• Data extract:
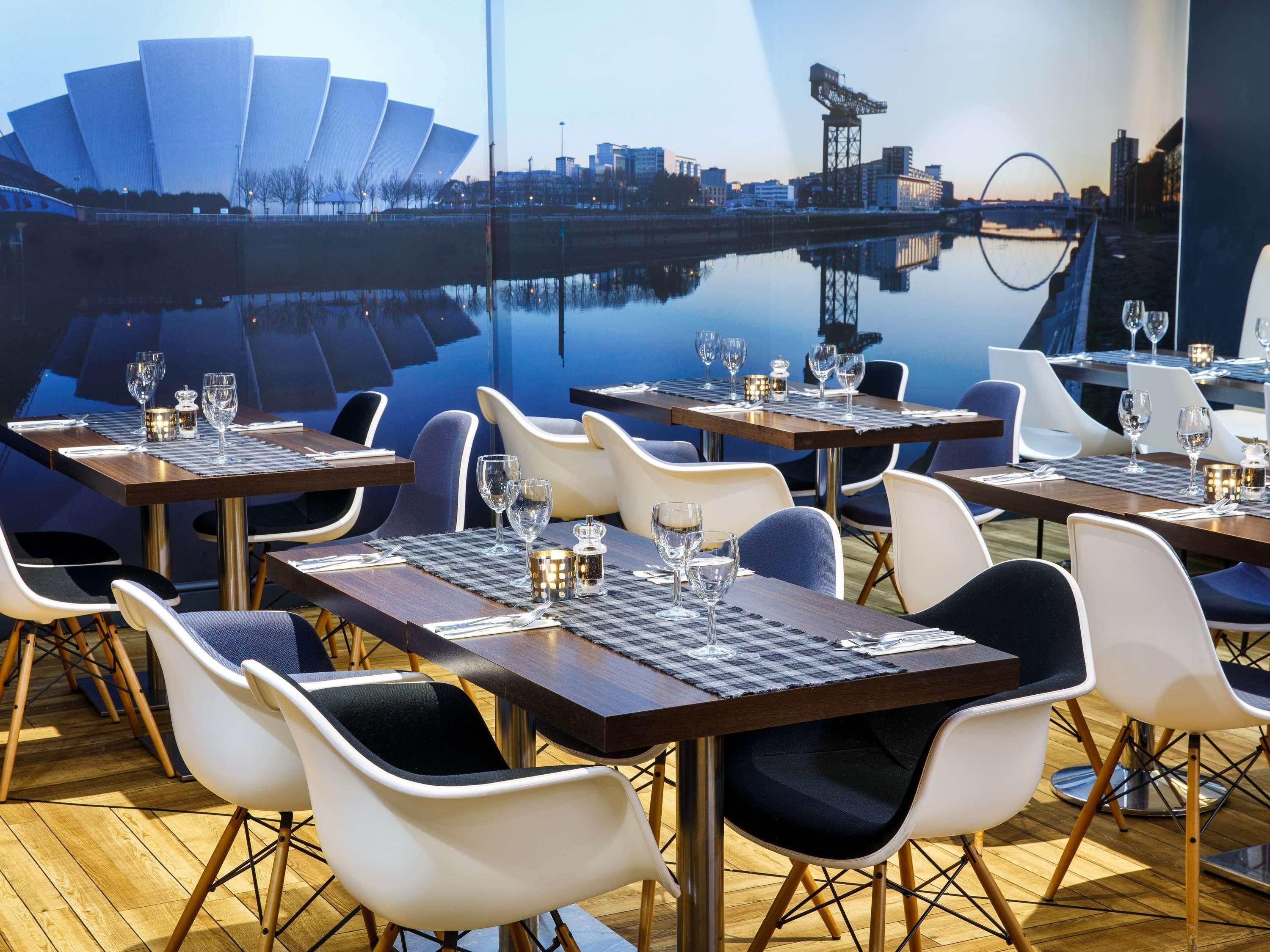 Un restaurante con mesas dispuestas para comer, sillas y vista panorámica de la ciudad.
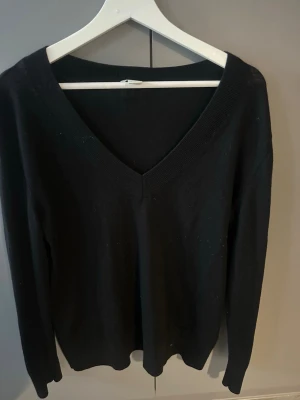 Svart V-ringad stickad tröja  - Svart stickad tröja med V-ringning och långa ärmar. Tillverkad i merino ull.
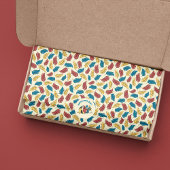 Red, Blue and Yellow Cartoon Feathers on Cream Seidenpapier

• Prompt:
The response is the full listing, copied exactly, with the pictures omitted.

• Output of the task:
 Un restaurante con mesas dispuestas para comer, sillas y vista panorámica de la ciudad.
 Svart V-ringad stickad tröja  - Svart stickad tröja med V-ringning och långa ärmar. Tillverkad i merino ull.
 Red, Blue and Yellow Cartoon Feathers on Cream Seidenpapier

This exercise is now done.